If you think your redundancy may have been incorrect or unfair, you may have grounds for a claim. Take a look at our redundancy page to have your questions answered.
What is redundancy?
When an individual is made redundant, that individual has been dismissed from their job by their employer, normally for one of two reasons:
- Closure of the workplace
- Reduction of the work force
What is statutory redundancy?
Some businesses can provide you with a level of redundancy pay at their discretion – this means the payout you will receive is up to your employer. However, some businesses will only provide you with statutory redundancy; this means you will be entitled to the minimum amount of redundancy available by law.
You should know…
1. Even if the decision is justified, the process behind the decision must be fair and reasonable.
2. You may need a solicitor when you suspect foul play in your redundancy.
Voluntary vs Compulsory Redundancy
Voluntary redundancy is made at the discretion of the employee. Your employer may notify you that redundancies need to be made, and any member of staff may volunteer to be made redundant. It is still up to your employer whether they select you for voluntary redundancy or not. If you are chosen, you must make sure you received a letter from your employer confirming your redundancy (if you have any issues with the redundancy, you’ll need to show this letter at a tribunal).
Compulsory redundancy is made at the discretion of the employer. This involves much more of a selection process, whereby the employer will look at which specific job roles will need to be made redundant, and subsequently which staff members would qualify for redundancy.
Why do I need a redundancy Lawyer?
Although generally, your dismissal will have fair grounds, sometimes you may feel like the decision to make you redundant is unjustified or biased.

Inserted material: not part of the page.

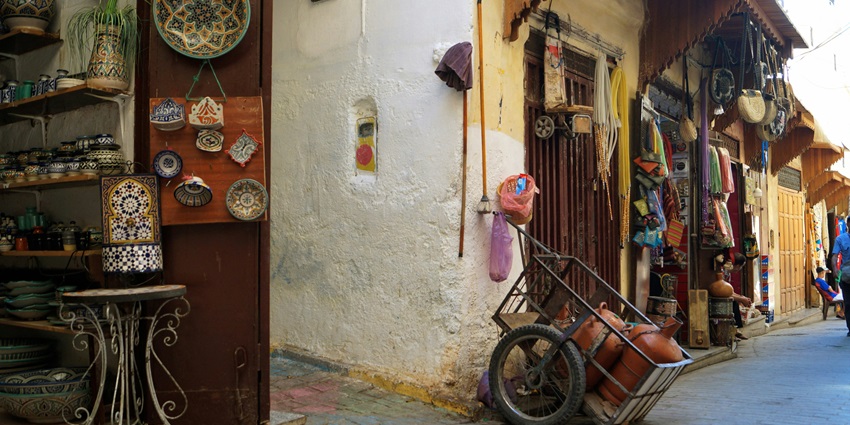 A market view of Fès-Meknès, showcasing historic architecture and vibrant city life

For example, if you think you have been made redundant because:
- You are pregnant
- You have ongoing health issues
- You have asserted your right to minimum wage
- You are taking time off to care for dependents
The employer must show you that:
- You have been given as much warning as possible
- You have been consulted individually
- Your reason for redundancy has been made against a set of fair criteria
- Alternative employment has been offered if possible.
How much redundancy pay am i entitled to?

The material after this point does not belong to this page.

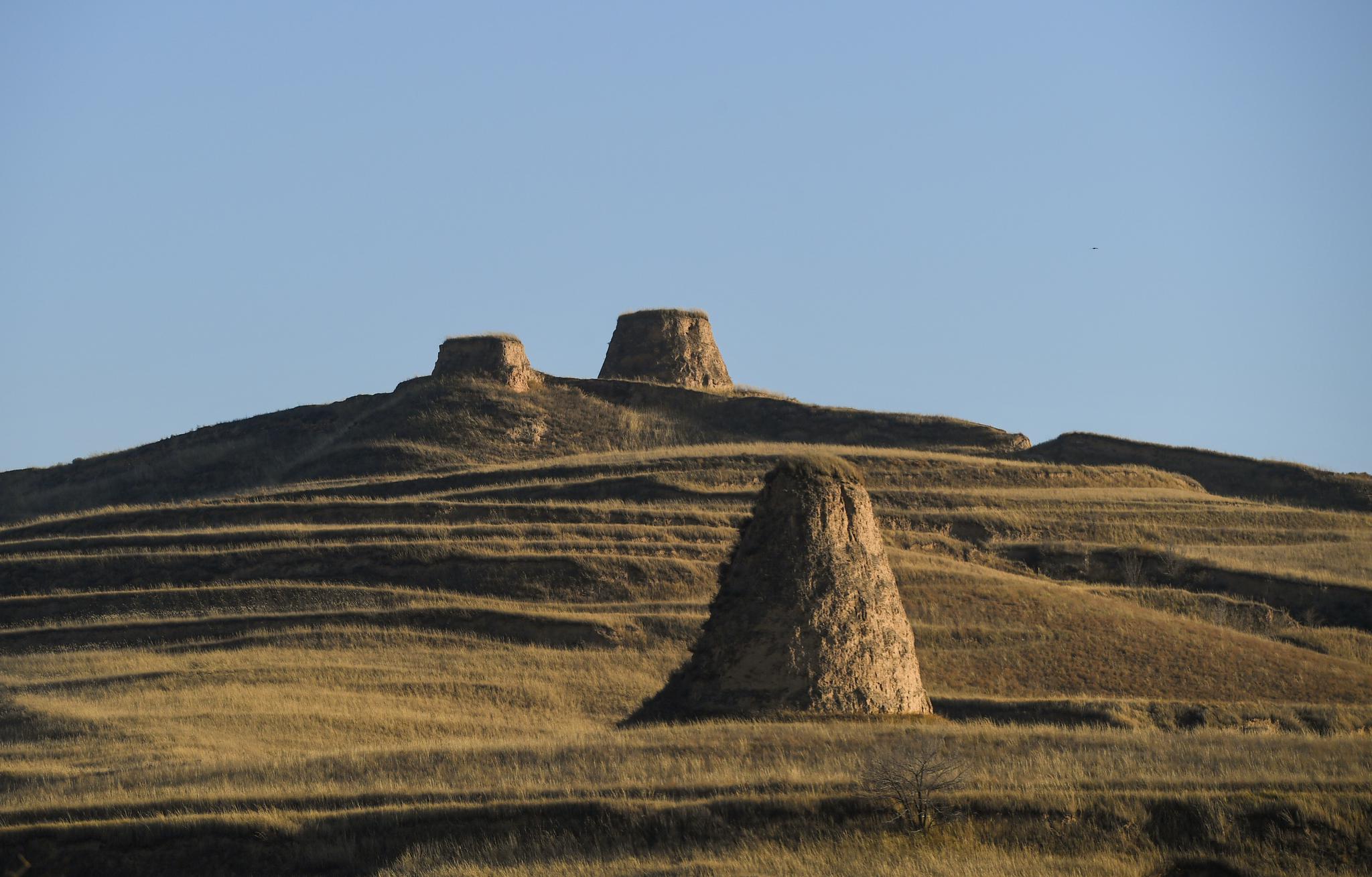 远眺内蒙古明长城|明长城|内蒙古_新浪新闻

According to UK employment law, you are entitled to statutory redundancy pay if you’ve been with your employer for more than two years. The amount that you receive depends on your age:
1. Half a weeks’ pay for each full year of employment in which you were under the age of 22.

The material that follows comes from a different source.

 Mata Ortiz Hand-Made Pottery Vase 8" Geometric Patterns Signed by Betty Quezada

2. One weeks pay for each full year of employment between the ages of 22 and 40.
3. A week and a half’s pay for each full year of employment over the age of 41.
The maximum amount of statutory redundancy pay is capped at £15,750. Your redundancy payout may be more than this, but that decision is at the employers discretion. If your total redundancy package is less than £30,000, it is tax free.
how can a lawyer help with your redundancy?
You will need a lawyer for your redundancy if you believe your redundancy has been unfair or discriminatory. Generally, redundancies will only happen if the business really needs it, so if many employees are being made redundant then, unfortunately, it might just be bad luck.
However, if you believe that you have been specifically selected to be made redundant, then you have every right to question why.
Even when you are made redundant, your employer has a duty to follow the process correctly and not discriminate during the process. Your employer can use certain factors to look at their redundancies, but these can never be based on discriminatory factors (e.g. race, gender, or age)
This is where a lawyer will step in. If you have questioned your redundancy internally and are unsatisfied with the answer, a lawyer will be there to assist you. They will look at all the people who have been made redundant, and why. They will look at any supporting evidence and factors and see if you have a larger case on your hands. You will also be able to decide what you want with the help of your lawyer, for example if you want to take legal action against your employer or if you simply want your job back.